Jerry Maren, last surviving 'Oz' Munchkin, diesBy Nardine Saad
Los Angeles Times June 07. 2018 9:10PM
LOS ANGELES — Actor Jerry Maren, the green-clad tough guy of the Lollipop Guild who famously handed Dorothy (Judy Garland) a giant lollipop in the 1939 film classic “The Wizard of Oz,” has died at 98.
Standing at 4-foot-3, Maren was the last surviving Munchkin actor.
He died May 24 in a San Diego nursing home, his niece Stacy Michelle Barrington confirmed to the Los Angeles Times. News of his death only began circulating Wednesday. His nephew Lloyd Decker told The New York Times that the cause of death was congestive heart failure.
Maren suffered from dementia for the past several years. He was diagnosed shortly after his wife, Elizabeth, died in 2011.
The actor paved the way for many like him who followed him to Tinseltown and helped found Little People of America, an organization devoted to improving the status of little people.
“Hey, I’m a normal human being.
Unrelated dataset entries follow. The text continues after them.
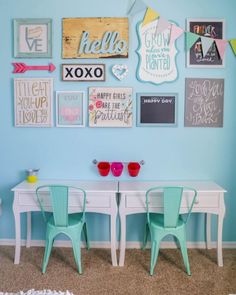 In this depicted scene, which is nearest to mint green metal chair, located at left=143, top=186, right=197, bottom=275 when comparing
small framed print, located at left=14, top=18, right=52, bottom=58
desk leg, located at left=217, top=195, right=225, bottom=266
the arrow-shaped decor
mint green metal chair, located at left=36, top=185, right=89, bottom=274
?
desk leg, located at left=217, top=195, right=225, bottom=266

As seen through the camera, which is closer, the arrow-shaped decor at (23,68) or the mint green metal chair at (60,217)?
the mint green metal chair at (60,217)

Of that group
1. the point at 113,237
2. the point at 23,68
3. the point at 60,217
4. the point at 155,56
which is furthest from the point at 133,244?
the point at 23,68

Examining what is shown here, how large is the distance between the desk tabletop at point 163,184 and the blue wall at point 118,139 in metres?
0.08

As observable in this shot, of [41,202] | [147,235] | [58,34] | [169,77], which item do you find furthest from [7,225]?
[169,77]

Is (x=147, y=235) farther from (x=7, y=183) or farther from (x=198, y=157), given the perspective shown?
(x=7, y=183)

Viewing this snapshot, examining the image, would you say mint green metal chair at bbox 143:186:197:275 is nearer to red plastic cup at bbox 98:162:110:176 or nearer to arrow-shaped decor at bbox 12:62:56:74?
red plastic cup at bbox 98:162:110:176

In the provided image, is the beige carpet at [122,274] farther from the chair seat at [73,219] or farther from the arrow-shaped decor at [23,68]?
the arrow-shaped decor at [23,68]

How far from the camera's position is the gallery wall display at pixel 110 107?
2561 millimetres

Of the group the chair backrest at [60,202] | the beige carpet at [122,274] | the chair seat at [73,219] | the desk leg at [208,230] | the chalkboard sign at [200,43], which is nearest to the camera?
the beige carpet at [122,274]

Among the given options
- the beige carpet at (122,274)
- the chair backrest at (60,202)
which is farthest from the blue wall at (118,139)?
the chair backrest at (60,202)

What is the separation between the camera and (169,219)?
2.15 metres

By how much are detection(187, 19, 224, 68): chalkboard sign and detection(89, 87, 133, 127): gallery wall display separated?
651 millimetres

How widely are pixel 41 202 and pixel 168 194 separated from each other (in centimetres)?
104

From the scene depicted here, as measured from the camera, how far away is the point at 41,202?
2303 mm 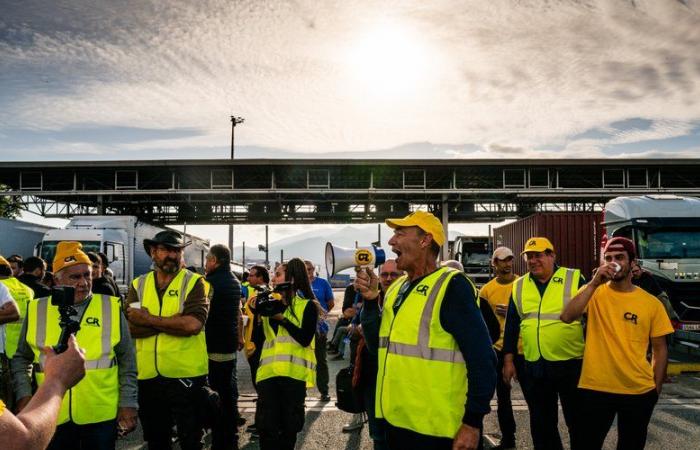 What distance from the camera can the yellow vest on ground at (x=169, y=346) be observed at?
4.34 meters

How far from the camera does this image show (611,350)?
396 centimetres

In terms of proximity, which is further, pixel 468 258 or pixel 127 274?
pixel 468 258

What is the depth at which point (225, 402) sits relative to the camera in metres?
5.33

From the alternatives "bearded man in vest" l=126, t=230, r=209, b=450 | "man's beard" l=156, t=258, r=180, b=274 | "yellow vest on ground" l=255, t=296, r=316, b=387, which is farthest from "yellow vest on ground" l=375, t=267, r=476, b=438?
"man's beard" l=156, t=258, r=180, b=274

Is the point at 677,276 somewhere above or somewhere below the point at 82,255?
below

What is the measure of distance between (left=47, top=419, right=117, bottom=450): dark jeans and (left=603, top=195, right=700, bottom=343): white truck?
36.3ft

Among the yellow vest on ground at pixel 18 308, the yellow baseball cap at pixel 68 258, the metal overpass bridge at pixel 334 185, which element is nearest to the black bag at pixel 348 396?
the yellow baseball cap at pixel 68 258

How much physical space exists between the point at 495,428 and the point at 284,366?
9.65 feet

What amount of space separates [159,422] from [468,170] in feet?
96.2

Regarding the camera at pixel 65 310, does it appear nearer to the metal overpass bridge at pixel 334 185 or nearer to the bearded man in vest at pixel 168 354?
the bearded man in vest at pixel 168 354

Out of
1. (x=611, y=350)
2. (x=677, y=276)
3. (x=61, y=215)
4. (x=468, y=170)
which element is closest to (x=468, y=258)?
(x=468, y=170)

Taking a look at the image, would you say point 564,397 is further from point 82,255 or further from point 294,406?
point 82,255

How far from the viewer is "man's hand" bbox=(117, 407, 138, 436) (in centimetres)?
358

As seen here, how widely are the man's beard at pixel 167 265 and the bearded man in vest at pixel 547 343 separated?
2950 millimetres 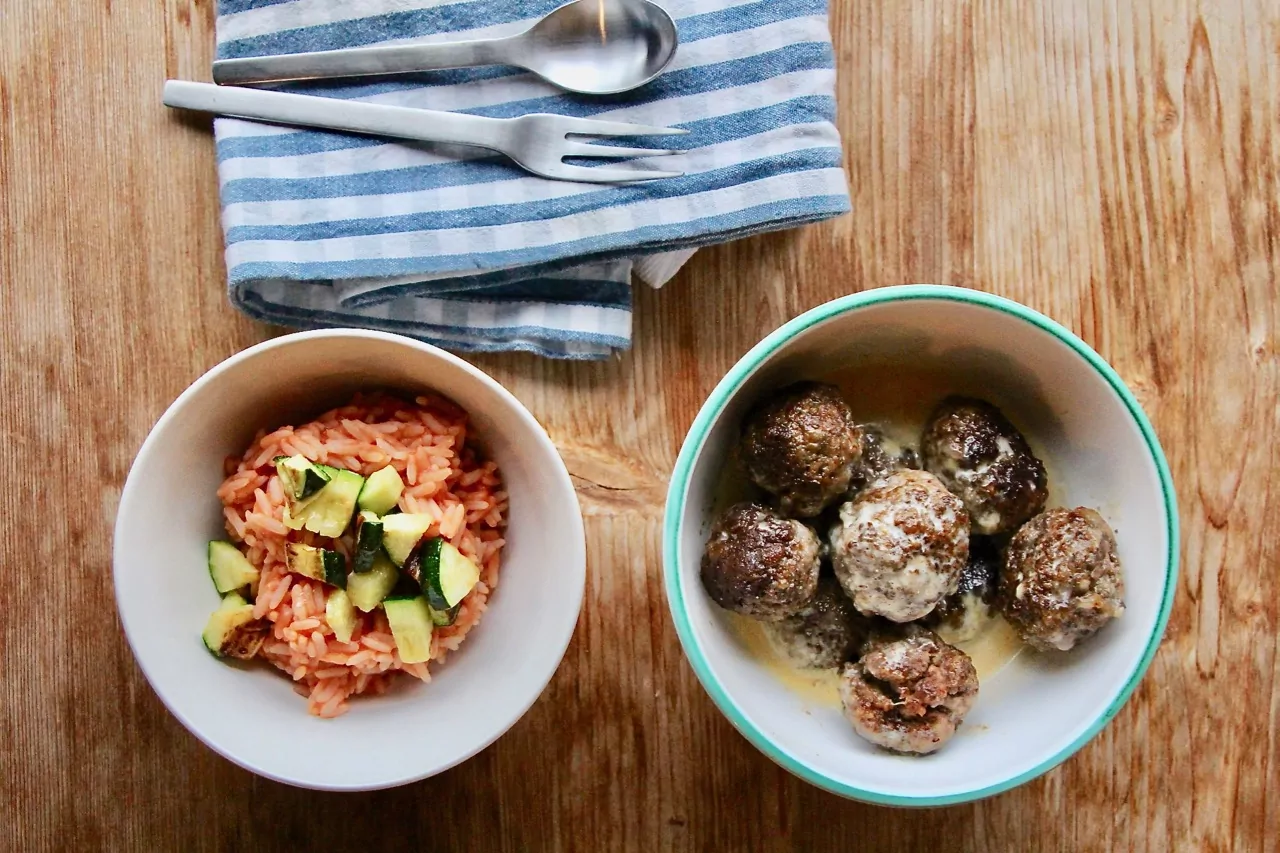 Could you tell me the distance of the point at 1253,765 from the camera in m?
1.46

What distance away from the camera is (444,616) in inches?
48.2

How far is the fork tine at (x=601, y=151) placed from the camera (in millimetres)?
1338

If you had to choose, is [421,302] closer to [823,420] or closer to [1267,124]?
[823,420]

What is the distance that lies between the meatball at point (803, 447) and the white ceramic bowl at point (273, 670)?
0.24 metres

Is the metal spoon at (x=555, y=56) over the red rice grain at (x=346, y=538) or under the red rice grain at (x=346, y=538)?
over

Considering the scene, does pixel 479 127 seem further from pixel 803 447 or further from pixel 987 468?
pixel 987 468

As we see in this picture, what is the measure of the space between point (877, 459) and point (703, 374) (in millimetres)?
258

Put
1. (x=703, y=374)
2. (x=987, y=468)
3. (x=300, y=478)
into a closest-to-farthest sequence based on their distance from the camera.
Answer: (x=300, y=478) < (x=987, y=468) < (x=703, y=374)

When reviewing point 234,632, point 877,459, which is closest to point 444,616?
point 234,632

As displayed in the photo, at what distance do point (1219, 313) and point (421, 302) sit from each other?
1096 millimetres

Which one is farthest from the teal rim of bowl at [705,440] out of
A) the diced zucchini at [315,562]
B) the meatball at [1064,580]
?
the diced zucchini at [315,562]

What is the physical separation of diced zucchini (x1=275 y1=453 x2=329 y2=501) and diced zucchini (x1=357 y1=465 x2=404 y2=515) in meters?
0.05

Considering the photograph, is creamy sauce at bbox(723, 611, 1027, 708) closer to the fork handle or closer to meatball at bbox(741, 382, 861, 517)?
meatball at bbox(741, 382, 861, 517)

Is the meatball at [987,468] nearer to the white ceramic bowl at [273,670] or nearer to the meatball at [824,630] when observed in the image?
the meatball at [824,630] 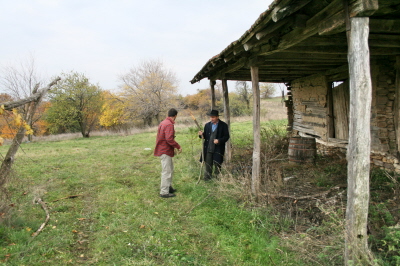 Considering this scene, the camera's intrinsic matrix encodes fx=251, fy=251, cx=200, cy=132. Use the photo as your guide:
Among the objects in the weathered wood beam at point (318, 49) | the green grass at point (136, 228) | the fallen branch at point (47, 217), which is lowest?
the green grass at point (136, 228)

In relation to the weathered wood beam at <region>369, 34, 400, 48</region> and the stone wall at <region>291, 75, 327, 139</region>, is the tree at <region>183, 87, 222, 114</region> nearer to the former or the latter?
the stone wall at <region>291, 75, 327, 139</region>

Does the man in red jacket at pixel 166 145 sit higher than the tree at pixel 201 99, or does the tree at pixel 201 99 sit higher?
the tree at pixel 201 99

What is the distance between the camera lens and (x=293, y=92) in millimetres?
9625

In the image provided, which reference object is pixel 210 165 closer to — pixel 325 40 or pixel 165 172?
pixel 165 172

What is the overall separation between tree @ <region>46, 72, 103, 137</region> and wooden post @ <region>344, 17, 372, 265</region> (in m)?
24.7

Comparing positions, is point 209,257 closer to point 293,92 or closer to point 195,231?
point 195,231

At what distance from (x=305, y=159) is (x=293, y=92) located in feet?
13.0

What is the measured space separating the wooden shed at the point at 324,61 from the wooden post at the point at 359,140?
278mm

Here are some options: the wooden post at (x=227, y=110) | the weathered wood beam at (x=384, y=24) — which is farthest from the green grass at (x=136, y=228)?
the weathered wood beam at (x=384, y=24)

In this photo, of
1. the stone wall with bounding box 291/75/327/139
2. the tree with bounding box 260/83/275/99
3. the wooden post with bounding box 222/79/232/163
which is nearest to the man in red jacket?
the wooden post with bounding box 222/79/232/163

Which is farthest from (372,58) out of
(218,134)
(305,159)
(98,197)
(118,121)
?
(118,121)

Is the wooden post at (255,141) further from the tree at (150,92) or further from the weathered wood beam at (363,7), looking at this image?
the tree at (150,92)

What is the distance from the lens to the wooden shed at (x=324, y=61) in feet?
9.69

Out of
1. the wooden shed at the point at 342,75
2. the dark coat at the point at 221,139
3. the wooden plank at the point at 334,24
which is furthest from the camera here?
the dark coat at the point at 221,139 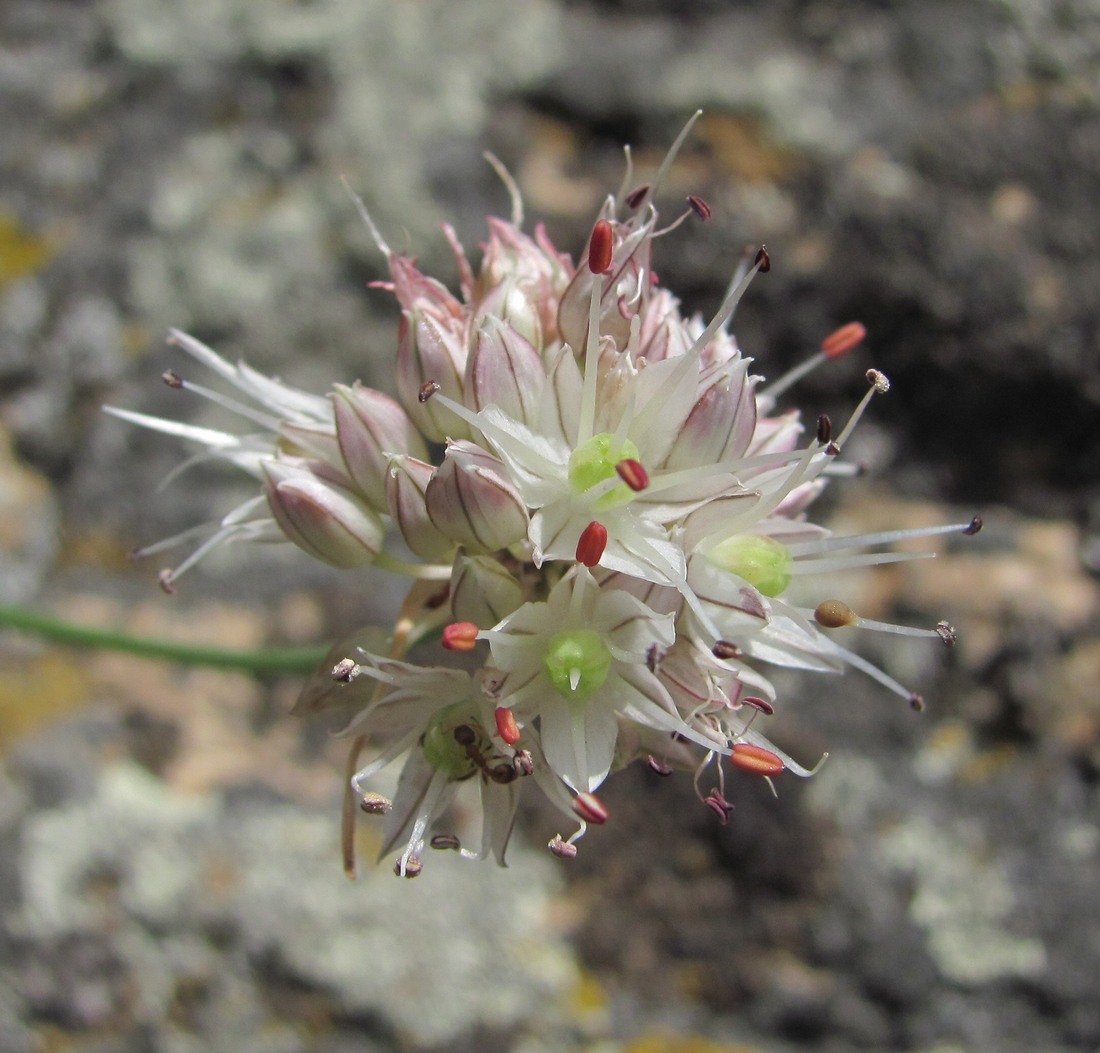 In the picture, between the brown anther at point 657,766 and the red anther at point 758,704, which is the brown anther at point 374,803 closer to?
the brown anther at point 657,766

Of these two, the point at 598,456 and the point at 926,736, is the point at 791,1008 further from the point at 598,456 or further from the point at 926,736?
the point at 598,456

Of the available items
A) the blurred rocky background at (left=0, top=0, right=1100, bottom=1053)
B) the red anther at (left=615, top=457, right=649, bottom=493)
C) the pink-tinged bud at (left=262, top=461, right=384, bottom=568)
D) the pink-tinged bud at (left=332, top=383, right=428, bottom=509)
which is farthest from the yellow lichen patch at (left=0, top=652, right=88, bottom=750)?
the red anther at (left=615, top=457, right=649, bottom=493)

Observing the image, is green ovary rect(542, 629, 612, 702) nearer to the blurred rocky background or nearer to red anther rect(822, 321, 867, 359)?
red anther rect(822, 321, 867, 359)

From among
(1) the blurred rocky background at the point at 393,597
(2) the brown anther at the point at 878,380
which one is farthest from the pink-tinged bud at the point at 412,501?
(1) the blurred rocky background at the point at 393,597

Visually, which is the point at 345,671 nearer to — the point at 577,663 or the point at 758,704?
the point at 577,663

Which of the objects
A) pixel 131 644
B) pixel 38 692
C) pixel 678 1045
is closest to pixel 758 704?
pixel 678 1045

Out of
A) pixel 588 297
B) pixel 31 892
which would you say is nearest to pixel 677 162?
pixel 588 297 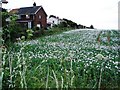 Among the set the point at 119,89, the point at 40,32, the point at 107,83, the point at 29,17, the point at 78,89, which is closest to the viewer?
the point at 78,89

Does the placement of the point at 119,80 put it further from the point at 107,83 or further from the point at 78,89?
the point at 78,89

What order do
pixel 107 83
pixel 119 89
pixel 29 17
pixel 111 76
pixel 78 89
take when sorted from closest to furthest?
pixel 78 89 < pixel 119 89 < pixel 107 83 < pixel 111 76 < pixel 29 17

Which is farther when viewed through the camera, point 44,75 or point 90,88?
point 44,75

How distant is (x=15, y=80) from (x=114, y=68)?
11.4 ft

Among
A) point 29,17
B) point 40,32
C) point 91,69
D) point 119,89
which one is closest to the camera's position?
point 119,89

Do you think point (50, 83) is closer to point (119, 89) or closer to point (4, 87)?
point (4, 87)

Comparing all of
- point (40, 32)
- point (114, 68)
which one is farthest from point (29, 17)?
point (114, 68)

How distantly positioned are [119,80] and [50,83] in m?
1.98

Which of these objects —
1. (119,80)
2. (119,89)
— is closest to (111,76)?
(119,80)

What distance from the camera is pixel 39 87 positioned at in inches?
232

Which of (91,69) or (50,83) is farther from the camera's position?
(91,69)

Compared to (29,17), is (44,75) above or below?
below

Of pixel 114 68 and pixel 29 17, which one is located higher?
pixel 29 17

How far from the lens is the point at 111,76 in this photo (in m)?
8.20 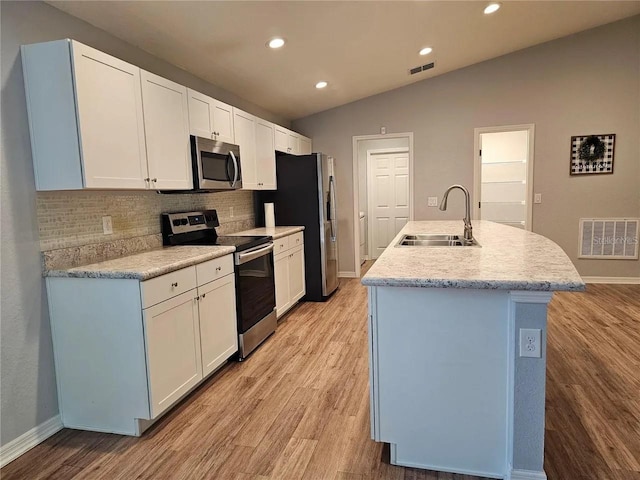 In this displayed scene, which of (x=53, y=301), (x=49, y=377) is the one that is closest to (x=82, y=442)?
(x=49, y=377)

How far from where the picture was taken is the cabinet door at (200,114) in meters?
2.91

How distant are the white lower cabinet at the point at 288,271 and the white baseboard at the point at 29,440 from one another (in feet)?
6.35

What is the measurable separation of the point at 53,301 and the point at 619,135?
600cm

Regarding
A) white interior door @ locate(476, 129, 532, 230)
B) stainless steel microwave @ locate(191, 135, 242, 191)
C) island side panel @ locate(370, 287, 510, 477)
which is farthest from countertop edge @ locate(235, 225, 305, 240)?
white interior door @ locate(476, 129, 532, 230)

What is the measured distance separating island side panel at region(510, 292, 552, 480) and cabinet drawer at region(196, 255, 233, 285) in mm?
1768

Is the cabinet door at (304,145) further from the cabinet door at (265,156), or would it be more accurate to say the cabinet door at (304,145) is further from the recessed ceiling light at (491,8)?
the recessed ceiling light at (491,8)

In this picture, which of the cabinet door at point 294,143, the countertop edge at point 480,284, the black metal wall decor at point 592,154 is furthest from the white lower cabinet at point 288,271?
the black metal wall decor at point 592,154

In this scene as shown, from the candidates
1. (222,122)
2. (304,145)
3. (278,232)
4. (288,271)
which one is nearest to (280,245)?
(278,232)

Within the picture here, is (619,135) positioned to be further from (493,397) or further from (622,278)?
(493,397)

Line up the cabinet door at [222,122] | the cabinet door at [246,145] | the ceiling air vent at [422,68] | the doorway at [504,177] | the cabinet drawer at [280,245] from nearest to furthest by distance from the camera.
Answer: the cabinet door at [222,122]
the cabinet door at [246,145]
the cabinet drawer at [280,245]
the ceiling air vent at [422,68]
the doorway at [504,177]

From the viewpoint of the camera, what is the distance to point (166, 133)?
2623 millimetres

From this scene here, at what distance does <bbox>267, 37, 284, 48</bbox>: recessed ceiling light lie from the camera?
3.12 m

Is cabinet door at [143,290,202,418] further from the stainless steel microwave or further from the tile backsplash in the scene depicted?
the stainless steel microwave

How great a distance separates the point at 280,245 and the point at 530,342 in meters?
2.64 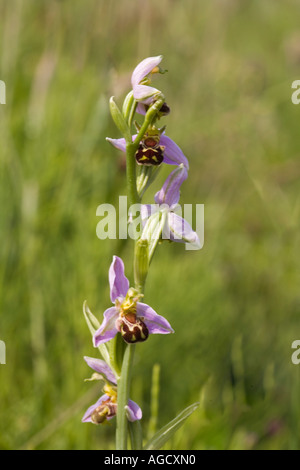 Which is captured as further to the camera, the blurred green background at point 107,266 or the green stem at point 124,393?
the blurred green background at point 107,266

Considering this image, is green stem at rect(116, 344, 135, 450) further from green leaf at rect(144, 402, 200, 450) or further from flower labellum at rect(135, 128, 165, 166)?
flower labellum at rect(135, 128, 165, 166)

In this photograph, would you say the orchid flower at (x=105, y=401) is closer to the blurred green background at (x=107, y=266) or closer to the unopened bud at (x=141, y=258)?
the unopened bud at (x=141, y=258)

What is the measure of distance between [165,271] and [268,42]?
2.91 meters

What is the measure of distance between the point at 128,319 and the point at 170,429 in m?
0.14

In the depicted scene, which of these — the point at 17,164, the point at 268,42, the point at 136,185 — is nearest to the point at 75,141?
the point at 17,164

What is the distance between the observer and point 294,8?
397cm

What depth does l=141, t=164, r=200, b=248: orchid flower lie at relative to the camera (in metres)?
0.68

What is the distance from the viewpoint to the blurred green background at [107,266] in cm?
131

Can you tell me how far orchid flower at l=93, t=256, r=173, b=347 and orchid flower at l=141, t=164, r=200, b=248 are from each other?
67 mm

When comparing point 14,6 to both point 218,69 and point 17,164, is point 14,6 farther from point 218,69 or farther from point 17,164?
point 218,69

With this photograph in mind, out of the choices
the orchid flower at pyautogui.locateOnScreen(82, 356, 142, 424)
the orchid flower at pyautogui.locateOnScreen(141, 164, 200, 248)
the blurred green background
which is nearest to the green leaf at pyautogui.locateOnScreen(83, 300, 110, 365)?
the orchid flower at pyautogui.locateOnScreen(82, 356, 142, 424)

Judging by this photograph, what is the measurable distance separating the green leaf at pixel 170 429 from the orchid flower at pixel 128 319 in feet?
0.31

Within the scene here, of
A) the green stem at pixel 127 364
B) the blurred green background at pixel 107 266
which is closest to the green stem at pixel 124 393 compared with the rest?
the green stem at pixel 127 364

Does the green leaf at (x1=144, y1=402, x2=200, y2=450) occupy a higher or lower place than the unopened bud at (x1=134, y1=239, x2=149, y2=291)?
lower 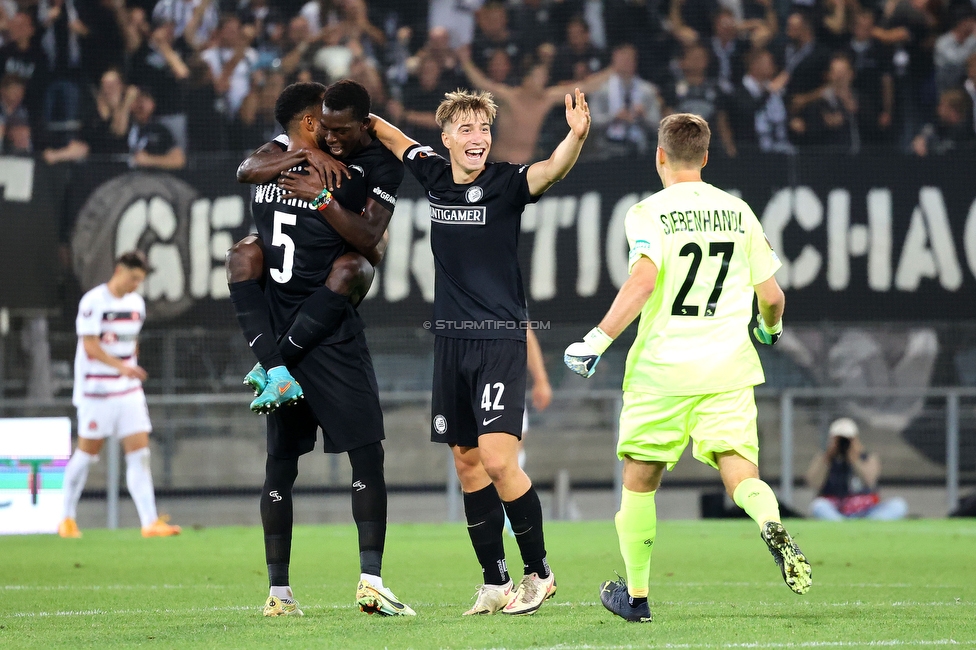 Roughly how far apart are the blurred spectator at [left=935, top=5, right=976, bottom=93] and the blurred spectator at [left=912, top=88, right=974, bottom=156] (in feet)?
0.61

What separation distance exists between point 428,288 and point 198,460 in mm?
2882

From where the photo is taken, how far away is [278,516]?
5926 millimetres

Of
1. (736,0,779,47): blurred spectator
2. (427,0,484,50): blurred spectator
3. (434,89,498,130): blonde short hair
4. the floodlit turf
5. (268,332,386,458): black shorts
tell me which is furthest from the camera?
(427,0,484,50): blurred spectator

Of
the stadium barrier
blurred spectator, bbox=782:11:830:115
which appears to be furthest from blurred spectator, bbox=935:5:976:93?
the stadium barrier

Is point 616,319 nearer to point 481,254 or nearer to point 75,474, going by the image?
point 481,254

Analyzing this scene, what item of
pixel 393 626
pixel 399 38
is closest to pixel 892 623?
pixel 393 626

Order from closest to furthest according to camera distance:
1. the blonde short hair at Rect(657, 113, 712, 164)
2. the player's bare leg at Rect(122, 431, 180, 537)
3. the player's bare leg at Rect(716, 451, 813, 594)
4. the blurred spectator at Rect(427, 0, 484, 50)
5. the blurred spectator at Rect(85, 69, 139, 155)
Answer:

All of us little people are,” Maren told the L.A. Times in 1993.
Maren moved beyond society’s stereotypes of shortness to make a successful living as an actor and spokesman. He racked up nearly 100 film and TV credits and starred in several commercials. He also played McDonald’s Hamburglar and Mayor McCheese, as well as Buster Brown and Little Oscar in Oscar Mayer’s 1950s ad campaigns.
Actor Kevin Thompson, a longtime friend of Maren’s and also a member of Little People of America, met Maren while they played on the Hollywood Shorties baseball team for little people when Thompson was 11 years old. Thompson, who appeared alongside Maren in several pilots, noted that Maren “worked eight days a week as an actor, extra, stand-in or stunt double.”
“Everybody knew Jerry Maren on every set I ever went to,” Thompson said. “If he wasn’t working, he was down at the Santa Anita racetrack. He liked those ponies ... he was a downright nice guy, always had a cigar in his mouth like George Burns.”
Stephen Cox — who wrote “The Munchkins of Oz” and co-authored Maren’s 2008 autobiography, “Short and Sweet: The Life and Times of the Lollipop Munchkin” — tracked down all the Munchkins years after “The Wizard of Oz” debuted.
“He was one of the few pituitary dwarves, meaning they are proportionally correct, only miniature,” Cox told the L.A. Times on Wednesday. “And that’s the type of little people that MGM sought when they were making ‘The Wizard of Oz.’”
Of the 124 Munchkins who appeared in the film, Cox said about 96 percent were pituitary dwarves.
“Jerry was sometimes a quirky little guy,” Cox said. “He was extremely generous, especially with other little people. He wanted to see them succeed and stay afloat and he didn’t want to hear about his friends being in crisis.”
Maren, who felt a responsibility with his fame, would often offer other little people money when he saw them at “Oz” reunions.
Cox said Maren certainly made a lot of money in film and television but also reaped the benefits of successful real estate investments in Southern California as well as lucrative ad campaigns.
Born Gerard Marenghi in Boston on Jan. 24, 1920, Maren was the last of 10 children born into an Italian-American family of average-sized people.
He worked in vaudeville with friends and family while growing up, learning to sing and tap dance onstage in Boston. When MGM put out a search for little people for “The Wizard of Oz,” Maren packed up and moved to Hollywood at 18 to make his film debut.
“He got the job because he was one of the few who knew how to tap dance,” Thompson said.
Maren appeared in the 1939 Marx Brothers film “At the Circus” (1939) and as an ape in 1973’s “Battle for the Planet of the Apes” and then in “Little Cigars” the same year. “Little Cigars” follows a gang of little people on a crime spree.
He was a regular on “The Andy Williams Show” in the 1960s, and showered bad performers with paper as the Confetti Man of “The Gong Show” in the 1970s. He also had a walk-on role in “The Yada Yada” episode of “Seinfeld.”
During World War II, he took time off to perform for wounded soldiers at hospitals on United Service Organizations tours, Thompson recalled.
“He would say, ‘I served. I may not have fought ... but I served. I played at every single hospital no matter where it was,’” Thompson said. “He was proud of that.”